Bitcoin continues to struggle below the $90,000 level, failing to reclaim higher ground as bulls focus on defending current demand zones. After a sharp correction from recent highs, price action has entered a consolidation phase that, on the surface, appears relatively calm. Volatility has compressed, and short-term price movements suggest a market pausing rather than decisively breaking down. However, this apparent stability may be misleading.

According to a CryptoQuant report from XWIN Research Japan, on-chain data is signaling growing structural risk beneath the surface. The Inter-Exchange Flow Pulse (IFP), a metric that tracks the movement of Bitcoin between exchanges and serves as a proxy for internal market liquidity, has turned red.
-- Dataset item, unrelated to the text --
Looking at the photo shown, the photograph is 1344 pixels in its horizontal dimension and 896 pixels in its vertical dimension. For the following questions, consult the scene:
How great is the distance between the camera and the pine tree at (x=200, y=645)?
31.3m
In such environments, price moves tend to be sharper and less orderly once direction is established. While reduced exchange balances can limit immediate selling pressure, they also amplify the impact of sudden demand or forced liquidations.

This shift indicates a clear slowdown in capital circulation across trading venues, suggesting that liquidity conditions are deteriorating.
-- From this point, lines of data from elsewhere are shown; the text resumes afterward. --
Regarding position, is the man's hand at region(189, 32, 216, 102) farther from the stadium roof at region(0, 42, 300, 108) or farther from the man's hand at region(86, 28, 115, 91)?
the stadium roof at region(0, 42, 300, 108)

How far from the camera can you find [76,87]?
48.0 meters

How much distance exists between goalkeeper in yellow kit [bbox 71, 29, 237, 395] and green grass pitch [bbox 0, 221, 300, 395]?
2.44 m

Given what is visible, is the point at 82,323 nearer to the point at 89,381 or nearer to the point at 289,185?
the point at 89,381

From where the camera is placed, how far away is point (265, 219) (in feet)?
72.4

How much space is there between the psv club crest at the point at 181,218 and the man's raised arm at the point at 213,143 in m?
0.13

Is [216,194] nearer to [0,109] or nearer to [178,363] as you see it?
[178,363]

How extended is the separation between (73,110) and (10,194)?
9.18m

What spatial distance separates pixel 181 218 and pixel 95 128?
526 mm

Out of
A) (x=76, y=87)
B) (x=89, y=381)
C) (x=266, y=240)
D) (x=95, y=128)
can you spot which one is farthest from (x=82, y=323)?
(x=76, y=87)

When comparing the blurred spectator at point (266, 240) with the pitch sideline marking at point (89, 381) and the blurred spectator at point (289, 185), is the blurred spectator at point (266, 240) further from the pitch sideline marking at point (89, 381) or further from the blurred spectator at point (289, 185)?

Inter-Exchange Flow Pulse Signals Structural Fragility

The report explains that the Inter-Exchange Flow Pulse (IFP) measures how actively Bitcoin moves from one exchange to another, serving as a proxy for internal market liquidity and capital circulation. When IFP is elevated, capital rotates efficiently across venues, arbitrage opportunities are quickly absorbed, and liquidity providers keep order books deep.

In those conditions, price discovery is smoother, and volatility tends to remain contained. By contrast, when IFP declines, the market’s internal “blood flow” weakens. Capital becomes static, liquidity fragments, and prices grow increasingly sensitive to relatively small trades.

This deterioration in liquidity is unfolding alongside historically low exchange balances. While reduced sellable supply can initially act as price support, it also creates thinner order books. Once price begins to move decisively in either direction, slippage increases and volatility accelerates.

With leverage still elevated across derivatives markets, instability becomes driven less by directional conviction and more by the magnitude of forced reactions.

Historically, periods when IFP turned red produced abrupt corrections and sharp price swings, not clean trends. The central risk today is therefore not aggressive distribution, but structural fragility. Until inter-exchange liquidity improves, Bitcoin remains vulnerable to sudden, outsized moves, making leveraged positioning particularly risky in the current market structure.

Bitcoin Price Consolidates Below Key Moving Averages

The 4-hour Bitcoin chart highlights a market locked in consolidation after a sharp corrective move. Following the aggressive sell-off in late November, BTC found a local bottom near the $82,000–$83,000 zone, where strong demand stepped in and triggered a rebound. However, that recovery quickly lost momentum, and price is now ranging below the descending cluster of moving averages.

Bitcoin is currently trading around the $89,000–$90,000 level, repeatedly failing to reclaim the 200-period moving average on the 4-hour timeframe. The 50 and 100 moving averages are also sloping downward, acting as dynamic resistance and reinforcing the short-term bearish structure. Each attempt to push higher has been met with selling pressure, suggesting that bulls lack conviction at current levels.

Volume has noticeably contracted during this consolidation phase, indicating reduced participation and indecision among traders. This typically precedes a volatility expansion, especially when price compresses beneath major resistance. Structurally, BTC remains vulnerable as long as it trades below the $92,000–$94,000 zone, which previously acted as support and now caps upside attempts.

On the downside, the $87,000–$88,000 range is emerging as immediate support. A decisive breakdown below this area could reopen the path toward the $84,000 region. Until a clear breakout occurs, Bitcoin remains in a fragile balance between distribution and base-building.